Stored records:
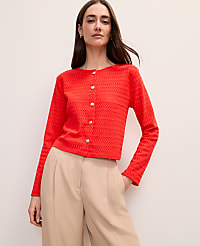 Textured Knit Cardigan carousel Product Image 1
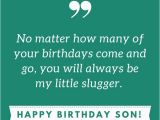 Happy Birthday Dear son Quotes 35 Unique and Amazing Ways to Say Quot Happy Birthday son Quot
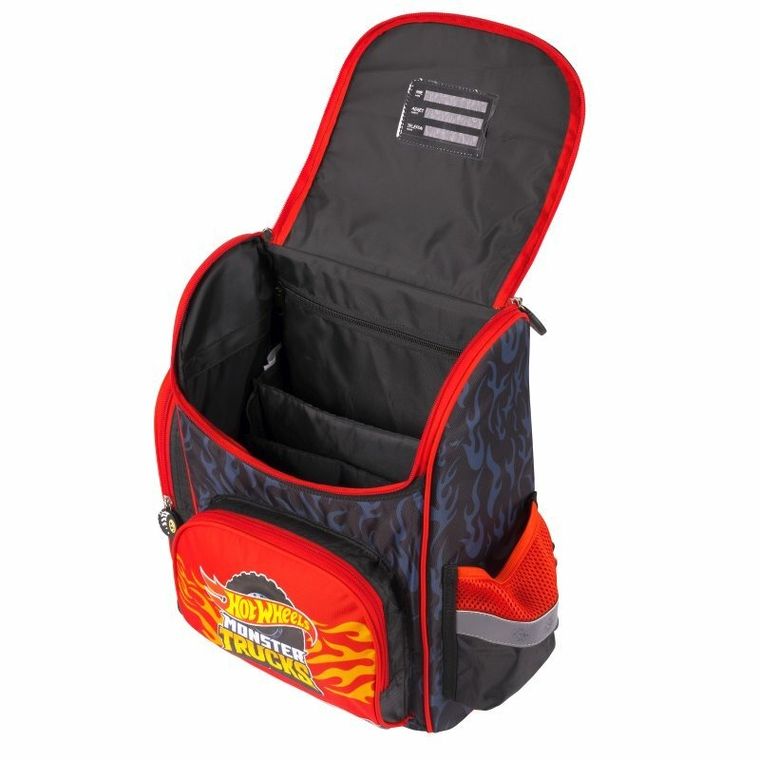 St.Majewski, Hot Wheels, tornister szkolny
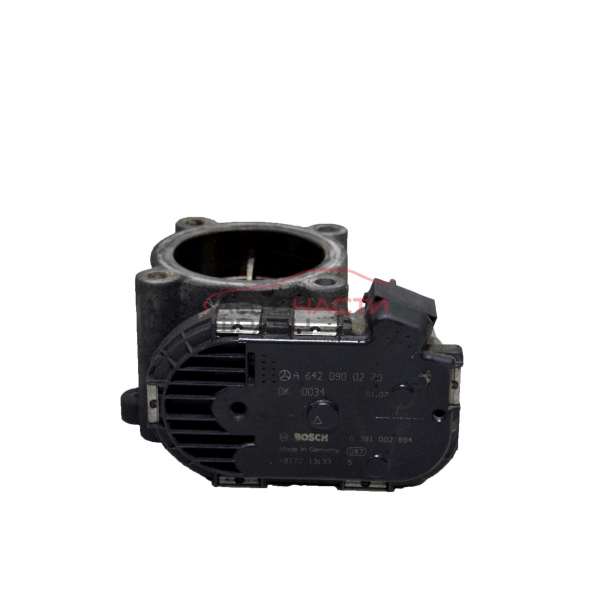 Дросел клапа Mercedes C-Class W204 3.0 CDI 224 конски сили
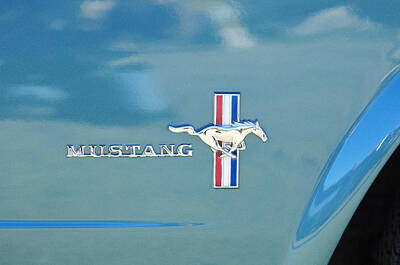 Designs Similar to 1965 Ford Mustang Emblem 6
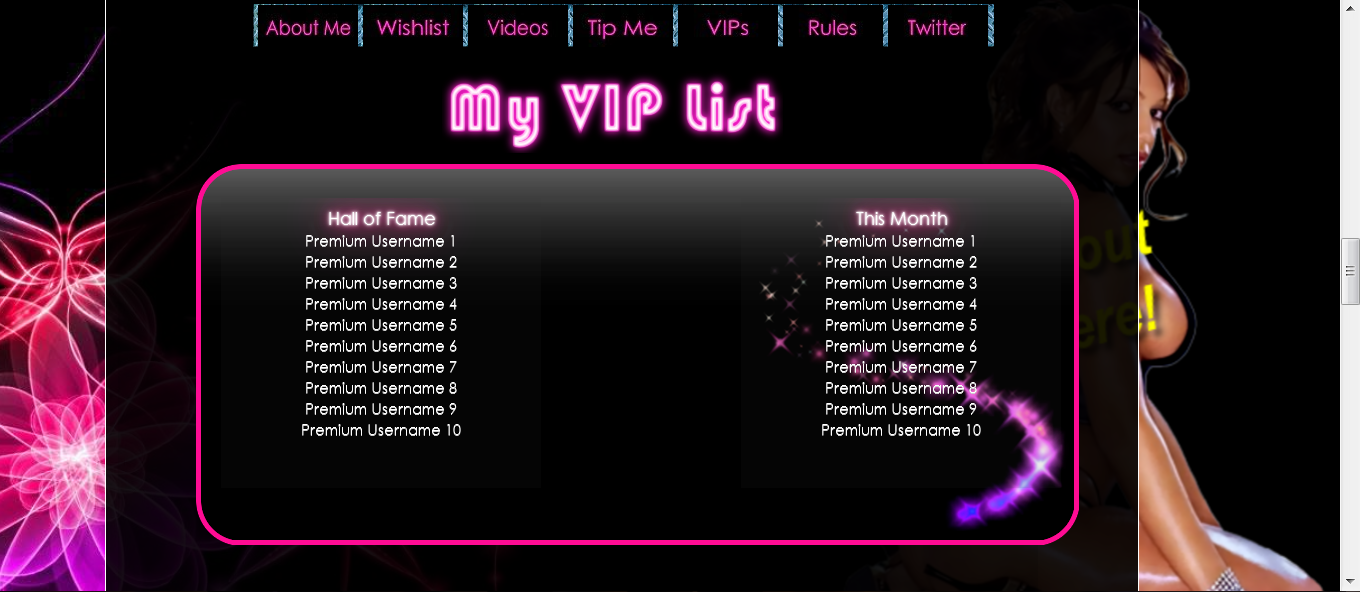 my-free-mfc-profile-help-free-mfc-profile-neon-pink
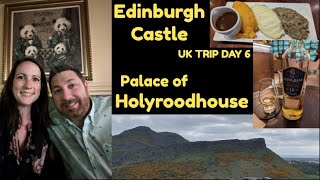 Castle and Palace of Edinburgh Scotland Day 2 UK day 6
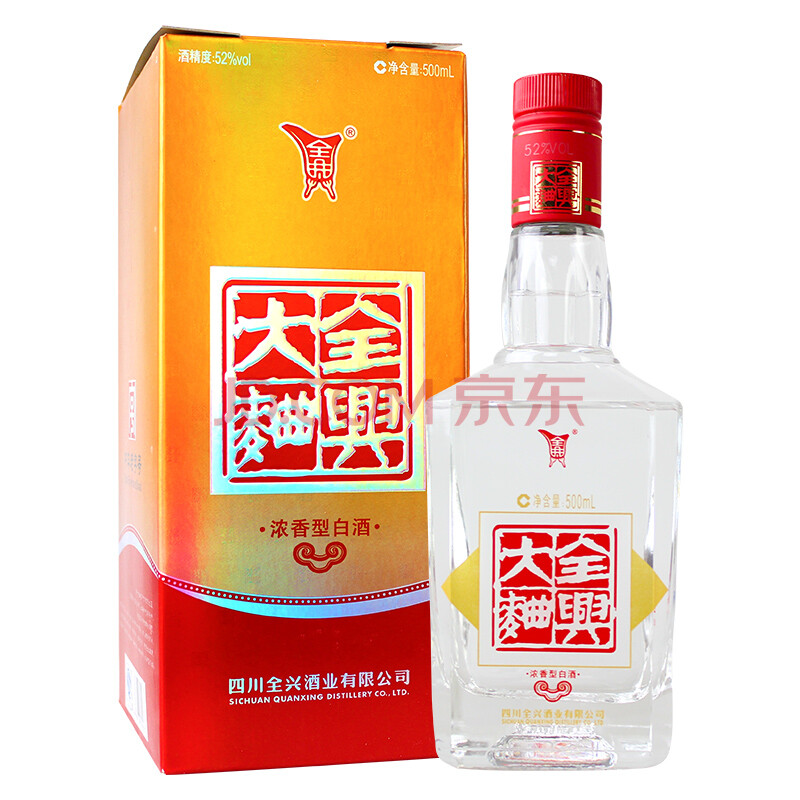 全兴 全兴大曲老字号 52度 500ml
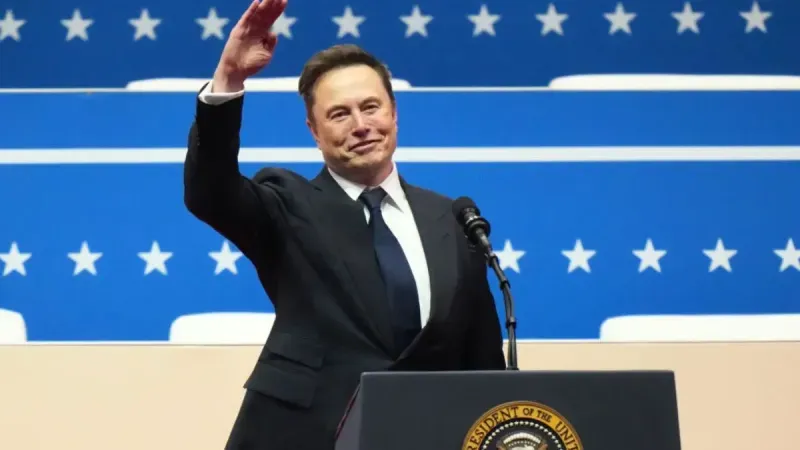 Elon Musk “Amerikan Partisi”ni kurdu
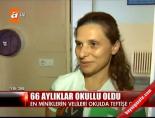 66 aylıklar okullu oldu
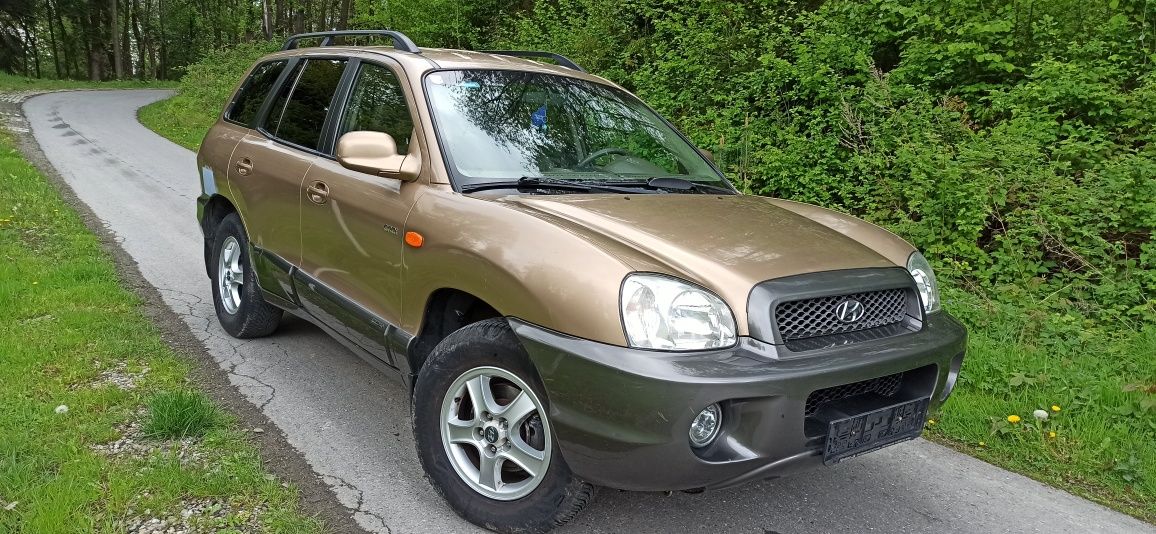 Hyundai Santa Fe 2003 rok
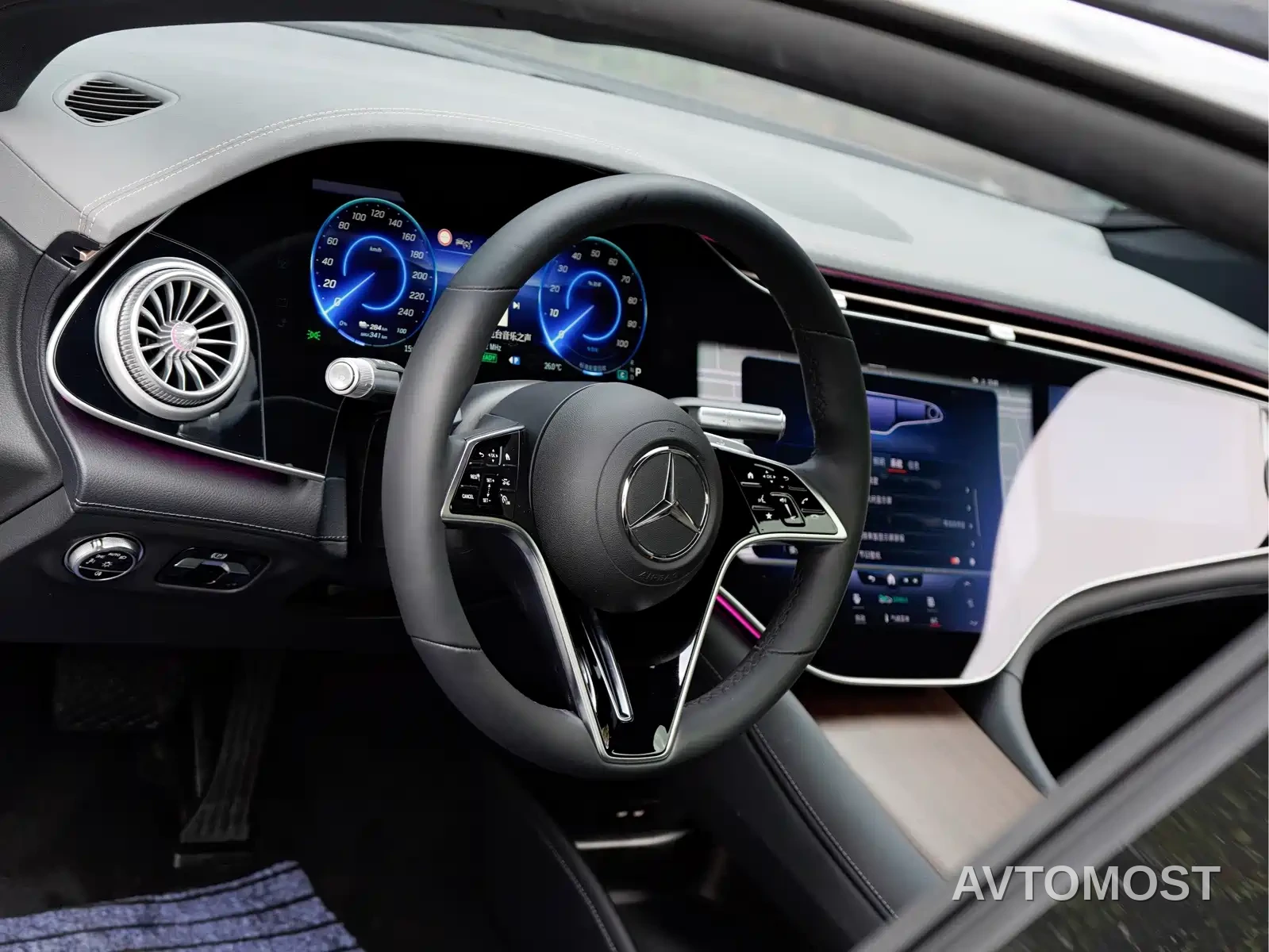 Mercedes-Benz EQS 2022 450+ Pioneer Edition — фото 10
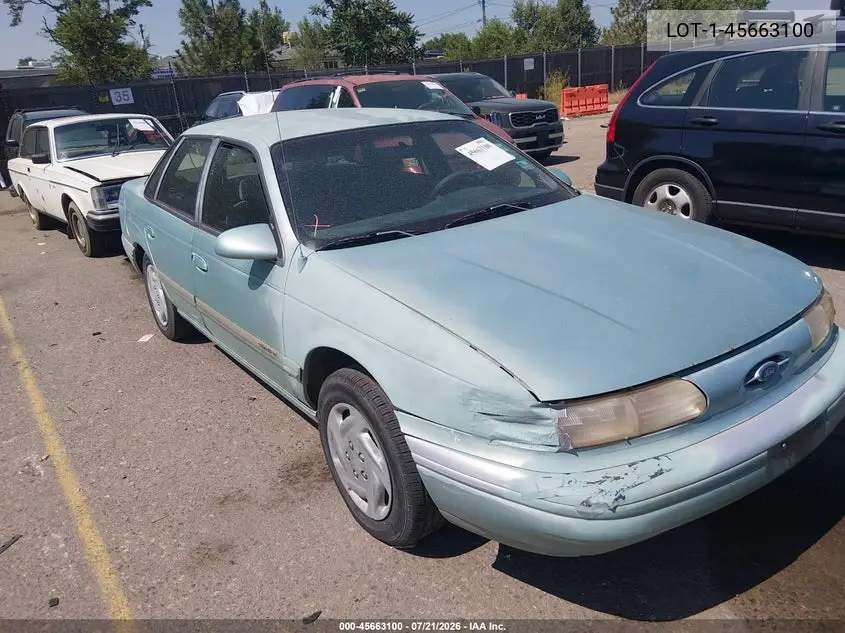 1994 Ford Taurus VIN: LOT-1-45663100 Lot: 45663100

- _PROBLEM_
Pictures do not belong in the copy. Reproduce the rest of the data exactly.

- _EXERCISE SOLUTION_
 Textured Knit Cardigan carousel Product Image 1
 Happy Birthday Dear son Quotes 35 Unique and Amazing Ways to Say Quot Happy Birthday son Quot
 St.Majewski, Hot Wheels, tornister szkolny
 Дросел клапа Mercedes C-Class W204 3.0 CDI 224 конски сили
 Designs Similar to 1965 Ford Mustang Emblem 6
 my-free-mfc-profile-help-free-mfc-profile-neon-pink
 Castle and Palace of Edinburgh Scotland Day 2 UK day 6
 全兴 全兴大曲老字号 52度 500ml
 Elon Musk “Amerikan Partisi”ni kurdu
 66 aylıklar okullu oldu
 Hyundai Santa Fe 2003 rok
 Mercedes-Benz EQS 2022 450+ Pioneer Edition — фото 10
 1994 Ford Taurus VIN: LOT-1-45663100 Lot: 45663100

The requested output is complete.